PEDF is a natural protein that has both antineovascular and neuron-survival properties. Thus, it could be help stop the formation of new blood vessels and also protect photoreceptor cells.
Assessment: This could be the first real success of Gene Therapy for a major disease.
Unfortunately, treatment is not longterm due to poor choice of vector. Other gene therapies (siRNAs) are yet being assessed.

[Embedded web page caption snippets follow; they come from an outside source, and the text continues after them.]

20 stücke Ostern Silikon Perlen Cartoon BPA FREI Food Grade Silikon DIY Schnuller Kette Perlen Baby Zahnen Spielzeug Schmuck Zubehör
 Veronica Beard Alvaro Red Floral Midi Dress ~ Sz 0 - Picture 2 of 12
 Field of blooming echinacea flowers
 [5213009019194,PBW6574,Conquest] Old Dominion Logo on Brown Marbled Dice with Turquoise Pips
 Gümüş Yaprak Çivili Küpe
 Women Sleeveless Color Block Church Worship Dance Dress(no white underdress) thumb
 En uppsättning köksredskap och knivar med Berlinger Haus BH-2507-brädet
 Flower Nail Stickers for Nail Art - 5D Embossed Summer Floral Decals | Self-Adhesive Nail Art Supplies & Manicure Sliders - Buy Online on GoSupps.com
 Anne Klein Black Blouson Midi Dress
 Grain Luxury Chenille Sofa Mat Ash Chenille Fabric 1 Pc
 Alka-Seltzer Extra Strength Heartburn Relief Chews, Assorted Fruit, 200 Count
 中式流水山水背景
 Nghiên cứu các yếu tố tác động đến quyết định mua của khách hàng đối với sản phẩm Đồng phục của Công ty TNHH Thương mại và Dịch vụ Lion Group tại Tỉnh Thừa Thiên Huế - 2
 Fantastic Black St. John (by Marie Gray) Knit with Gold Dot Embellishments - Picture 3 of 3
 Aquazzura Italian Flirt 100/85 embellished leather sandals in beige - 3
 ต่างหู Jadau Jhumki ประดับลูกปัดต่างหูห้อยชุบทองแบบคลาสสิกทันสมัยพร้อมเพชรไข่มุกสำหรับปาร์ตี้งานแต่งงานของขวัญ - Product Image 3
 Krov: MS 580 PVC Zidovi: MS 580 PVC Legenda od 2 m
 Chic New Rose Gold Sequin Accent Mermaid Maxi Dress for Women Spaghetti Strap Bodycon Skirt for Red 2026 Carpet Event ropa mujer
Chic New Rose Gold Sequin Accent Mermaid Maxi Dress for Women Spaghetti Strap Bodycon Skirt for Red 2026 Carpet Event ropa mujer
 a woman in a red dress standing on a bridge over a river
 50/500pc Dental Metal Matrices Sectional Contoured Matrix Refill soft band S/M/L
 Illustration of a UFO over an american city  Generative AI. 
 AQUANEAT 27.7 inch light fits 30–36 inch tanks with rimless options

28. Wet AMD Clinical trials - RPE Cell Transplantation
Early degeneration of RPE cells is a hallmark of AMD.
Some researchers think that defects in RPE cells could precede other damage.
Boltzman Institute Trial:
To test if RPE cell transplantation helps at the time of surgical extraction of submacular neovascular membranes in wet AMD. Good preliminary results.

29. In Conclusion….
Several Clinical Trials are planned or are already in progress for different types of RD therapies.
For example, Gene Therapy work in RP animal models shows not only sight restoration but a long term effect.
Other basic work in the fields of gene therapy, transplantation, stem cell research, pharmaceutical therapy, nutrition and electronic implants shows promise for future Clinical Trials.

30. A Final Thought…..
We can treat and, in some cases, maybe even cure diseases in many animal models of retinal degeneration.
We already have at least one effective treatment for wet AMD although this is NOT a cure. Similarly, the AREDS antioxidants are good but only slow the disease process.
Other Clinical Trials are starting such that more treatments are coming soon.
Assessment: These are expensive and time consuming….. but who can put a price on restoring sight?